フードライター、カメラマンの日常を書き綴ります。

契約書。3(完結編)

地元のwebメディアの仕事をするにあたって、契約書が送られてきた。そこには「著作権はすべてwebメディアに帰属する」とあった。

前回のブログと重複するが、著作権は記事を書き、写真を撮った者、つまり、私にあり、メディアは独占的使用権があるというのが一般的な考え方である。

さらに取材時や記事の公開後に取材先との間にトラブルが生じた場合「双方で解決する」と書かれていたのだ。

つまり、これは取材先との間にトラブルが生じた場合、その記事の著作権者ではないライター個人が責任をとるということを意味する。こんな馬鹿な話があるだろうか。

私自身、取材先とのトラブルは少ない方だと思っている。それは扱うジャンルが「食」だからだ。取材先はメディアで紹介してもらいたいと思っているし、私は紹介したいと思っている。双方の思惑が一致しているのだ。

とはいえ、相手がいる仕事だし、私がいくら気をつけていても、その相手が常識を持った人とは限らないわけで、これから先もトラブルはないと言いきることはできない。

にもかかわらず、契約書にサインして実際に執筆しているライターもいる。彼らはしっかり契約書を読み、納得しているのだろうか。

週刊誌のスキャンダル記事が裁判沙汰になることがある。
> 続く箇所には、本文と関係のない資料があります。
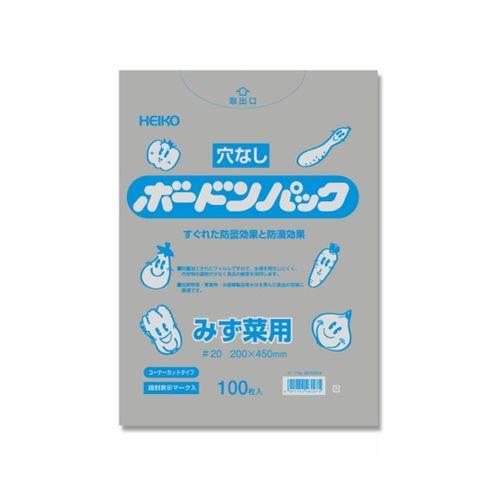 HEIKO ポリ袋 ボードンパック 穴なし 厚0.02mmコーナーカットタイプNo.20-45水菜100枚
訴えられるのは、ライター個人ではなく、出版社(雑誌編集部)である。

なぜなら、ライターが書いた記事をチェックして、誌面に載せる判断をしたのは編集部であるからだ。言い換えると、誌面に掲載されたすべての記事の責任は編集部にあるということになる。だからこそ、記者たちは自由に取材ができるのだ。

一方、地元のwebメディアは、記事のチェックはするし、紙面に載せる判断もする。でも、責任は取らない。そうなると、トラブルを起こすまいと取材相手に対して萎縮してしまう。結果、無味無臭の、面白くも何ともないメディアになる。こんな馬鹿な話があるだろうか。

運営会社の姿勢から感じるのは、覚悟のなさだ。責任をとるには覚悟がいる。その覚悟もないのにwebメディアを運営するのは甘すぎるし、運営サイドが現場で動くライターやカメラマンをどのように見ているのかも契約書から伝わってくる。

ハッキリ言って、ナメられているのだ。それはもうベロンベロンに。何度でも言ってやる。こんな馬鹿な話があるだろうか。

運営会社と私の間に入っている制作会社の法務担当の方と、この契約内容について何度も話をした。私に譲歩する意志がないとわかると、「双方で解決する」から「制作会社と取材担当者が協力して解決する」とする提案もしてくださった。

制作会社にとっては最大の譲歩であることは間違いない。逆に私ごときのためにそこまでしてくださったことが申し訳なく思えてきた。

話し合いが続く中、業を煮やした運営会社から制作会社に「ナガヤへの依頼を中止せよ」との連絡が入り、地元のwebメディアでの仕事は幻となった。

きっと、運営会社も制作会社も私のことを「面倒くさいヤツ」と思っただろう。でも、こんな私にも絶対に譲れないものがあるのだ。